◆ **TASK ITEM**
Go through the listing below and retype exactly the lines starting at the one with "Sweaty Betty Lomond" and ending at the one with "Reservierung Andalusien Retreat", skipping pictures.

◆ **ENTRIES SUPPLIED**
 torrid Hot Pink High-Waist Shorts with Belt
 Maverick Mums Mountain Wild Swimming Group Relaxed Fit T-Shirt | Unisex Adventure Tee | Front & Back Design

--

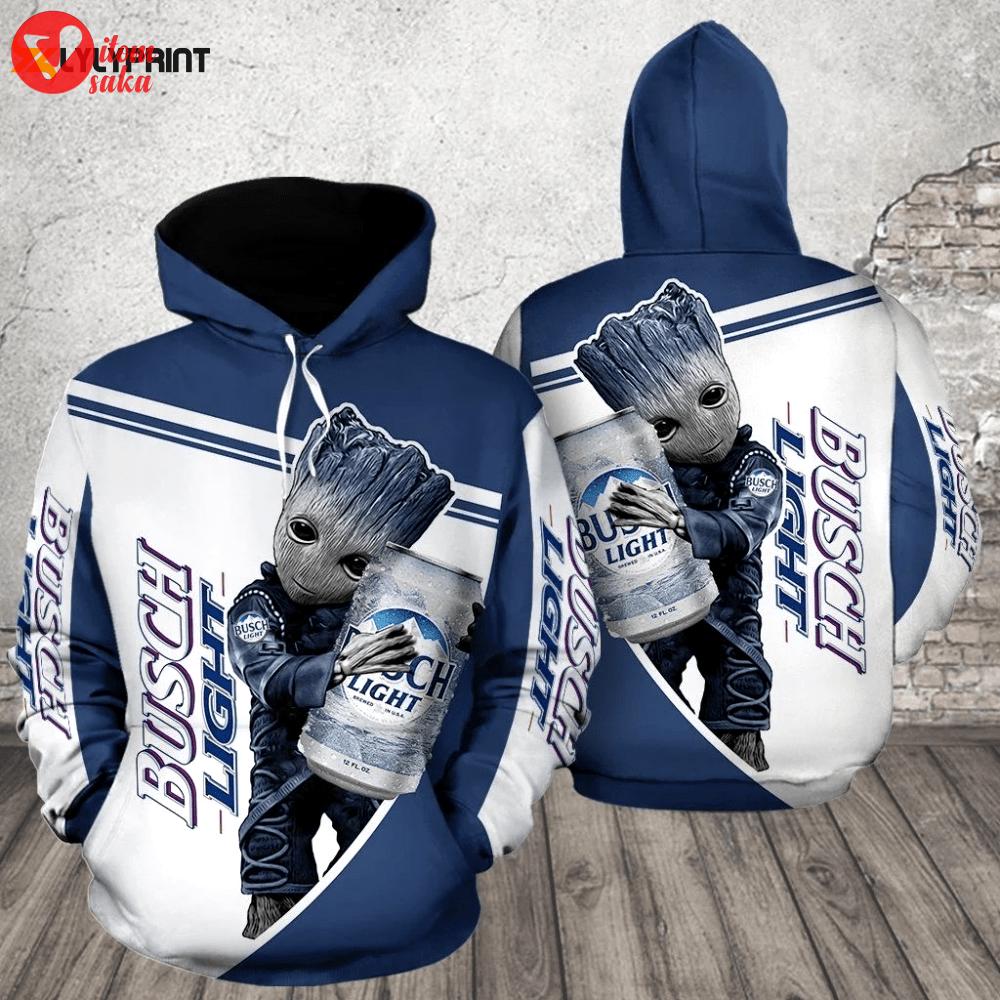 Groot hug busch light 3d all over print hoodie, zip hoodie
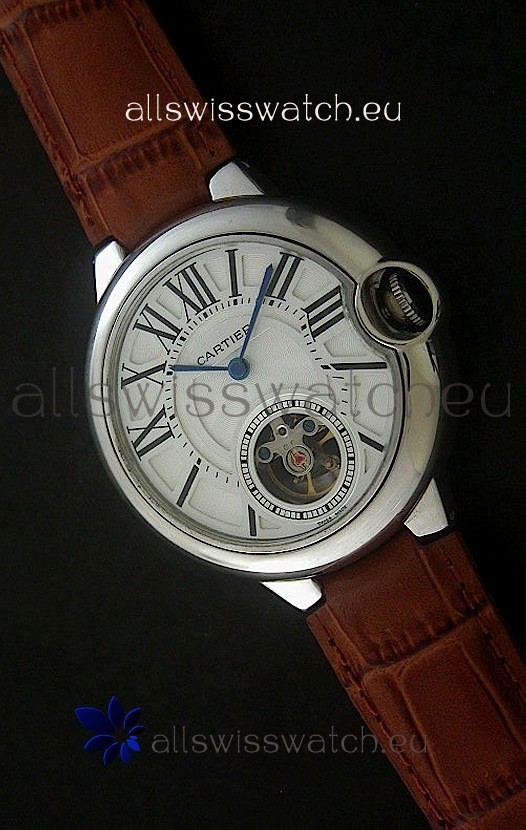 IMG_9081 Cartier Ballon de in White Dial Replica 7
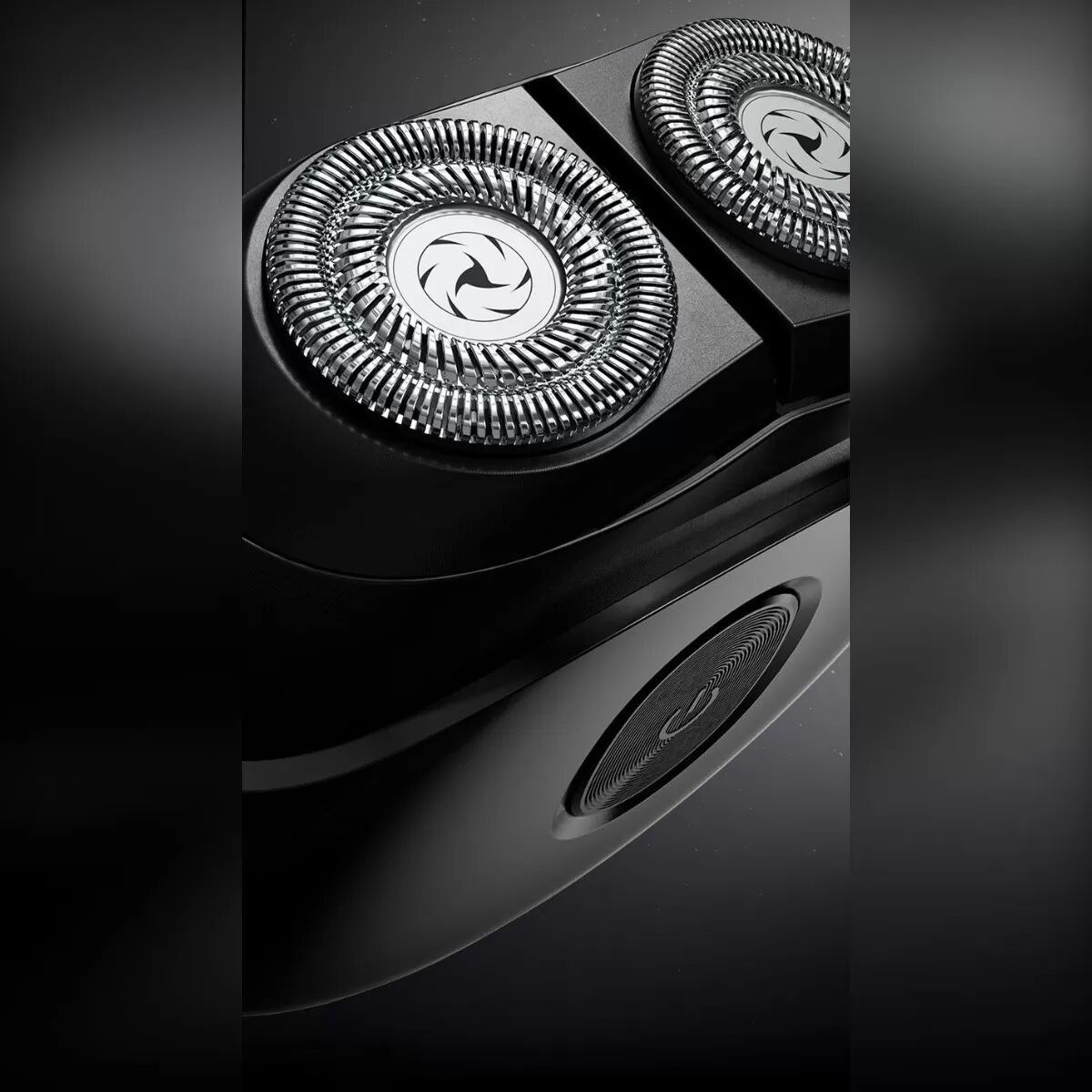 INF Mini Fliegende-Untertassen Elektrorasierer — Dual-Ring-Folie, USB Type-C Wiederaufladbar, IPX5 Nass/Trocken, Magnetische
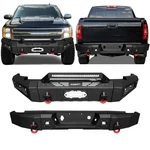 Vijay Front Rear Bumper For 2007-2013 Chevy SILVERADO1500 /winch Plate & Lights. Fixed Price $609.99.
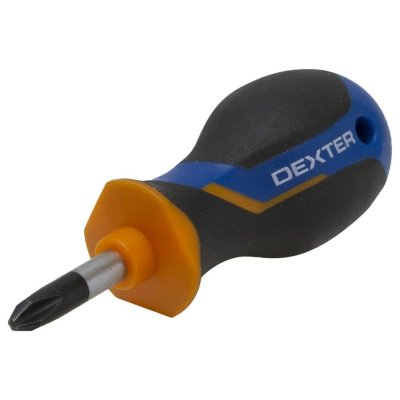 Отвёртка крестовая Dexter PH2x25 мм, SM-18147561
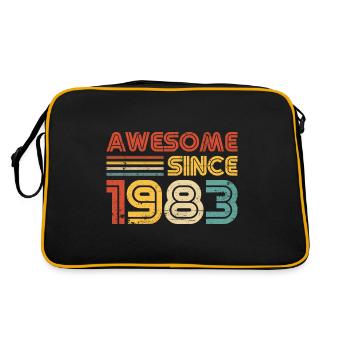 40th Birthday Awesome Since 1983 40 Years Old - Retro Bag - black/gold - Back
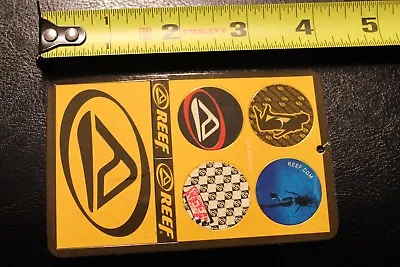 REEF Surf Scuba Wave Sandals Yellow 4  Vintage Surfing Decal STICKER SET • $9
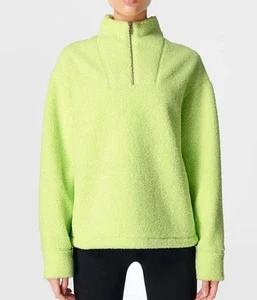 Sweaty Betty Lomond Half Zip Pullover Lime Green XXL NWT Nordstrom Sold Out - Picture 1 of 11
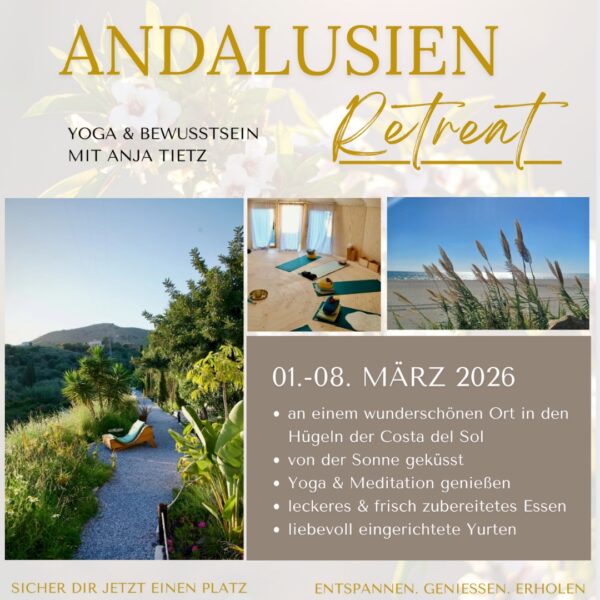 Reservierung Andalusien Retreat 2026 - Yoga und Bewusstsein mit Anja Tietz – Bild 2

◆ **RESPONSE**
 Sweaty Betty Lomond Half Zip Pullover Lime Green XXL NWT Nordstrom Sold Out - Picture 1 of 11
 Reservierung Andalusien Retreat 2026 - Yoga und Bewusstsein mit Anja Tietz – Bild 2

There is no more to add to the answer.